◆ Exercise material ◆
++++

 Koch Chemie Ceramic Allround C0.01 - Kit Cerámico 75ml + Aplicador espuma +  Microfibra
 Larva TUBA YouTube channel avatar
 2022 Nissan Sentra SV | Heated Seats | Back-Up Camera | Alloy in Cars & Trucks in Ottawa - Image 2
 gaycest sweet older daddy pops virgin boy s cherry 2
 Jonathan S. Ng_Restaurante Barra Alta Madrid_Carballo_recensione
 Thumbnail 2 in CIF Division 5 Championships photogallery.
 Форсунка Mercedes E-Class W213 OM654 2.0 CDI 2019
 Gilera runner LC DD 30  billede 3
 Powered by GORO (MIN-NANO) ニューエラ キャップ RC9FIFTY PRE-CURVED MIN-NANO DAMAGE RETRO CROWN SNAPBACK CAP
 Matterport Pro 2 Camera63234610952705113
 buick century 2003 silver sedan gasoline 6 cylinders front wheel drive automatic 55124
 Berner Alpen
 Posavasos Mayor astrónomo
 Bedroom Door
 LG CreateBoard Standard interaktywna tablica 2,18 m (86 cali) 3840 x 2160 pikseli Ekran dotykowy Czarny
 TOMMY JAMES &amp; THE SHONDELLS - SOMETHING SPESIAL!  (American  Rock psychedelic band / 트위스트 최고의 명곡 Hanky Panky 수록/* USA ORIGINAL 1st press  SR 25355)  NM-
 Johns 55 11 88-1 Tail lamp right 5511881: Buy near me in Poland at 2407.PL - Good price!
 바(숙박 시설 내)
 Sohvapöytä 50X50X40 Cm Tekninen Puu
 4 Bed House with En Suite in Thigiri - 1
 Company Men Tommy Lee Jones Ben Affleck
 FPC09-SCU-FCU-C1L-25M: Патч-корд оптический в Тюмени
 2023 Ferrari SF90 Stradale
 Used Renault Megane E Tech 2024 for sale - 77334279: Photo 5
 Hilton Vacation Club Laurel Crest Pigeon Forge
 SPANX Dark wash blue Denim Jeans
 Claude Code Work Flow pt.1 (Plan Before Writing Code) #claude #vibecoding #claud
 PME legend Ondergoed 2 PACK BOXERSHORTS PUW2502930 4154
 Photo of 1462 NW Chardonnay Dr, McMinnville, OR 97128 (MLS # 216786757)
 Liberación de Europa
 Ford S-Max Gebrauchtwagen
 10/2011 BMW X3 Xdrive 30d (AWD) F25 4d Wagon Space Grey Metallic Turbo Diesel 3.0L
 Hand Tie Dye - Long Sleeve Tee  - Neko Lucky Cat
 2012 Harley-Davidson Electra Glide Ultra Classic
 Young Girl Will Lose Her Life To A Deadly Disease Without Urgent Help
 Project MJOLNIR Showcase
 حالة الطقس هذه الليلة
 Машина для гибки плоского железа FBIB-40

++++

Exactly reproduce the lines of the entries above, from the one containing "Hilton Vacation Club" to the very last, and no others.

 Hilton Vacation Club Laurel Crest Pigeon Forge
 SPANX Dark wash blue Denim Jeans
 Claude Code Work Flow pt.1 (Plan Before Writing Code) #claude #vibecoding #claud
 PME legend Ondergoed 2 PACK BOXERSHORTS PUW2502930 4154
 Photo of 1462 NW Chardonnay Dr, McMinnville, OR 97128 (MLS # 216786757)
 Liberación de Europa
 Ford S-Max Gebrauchtwagen
 10/2011 BMW X3 Xdrive 30d (AWD) F25 4d Wagon Space Grey Metallic Turbo Diesel 3.0L
 Hand Tie Dye - Long Sleeve Tee  - Neko Lucky Cat
 2012 Harley-Davidson Electra Glide Ultra Classic
 Young Girl Will Lose Her Life To A Deadly Disease Without Urgent Help
 Project MJOLNIR Showcase
 حالة الطقس هذه الليلة
 Машина для гибки плоского железа FBIB-40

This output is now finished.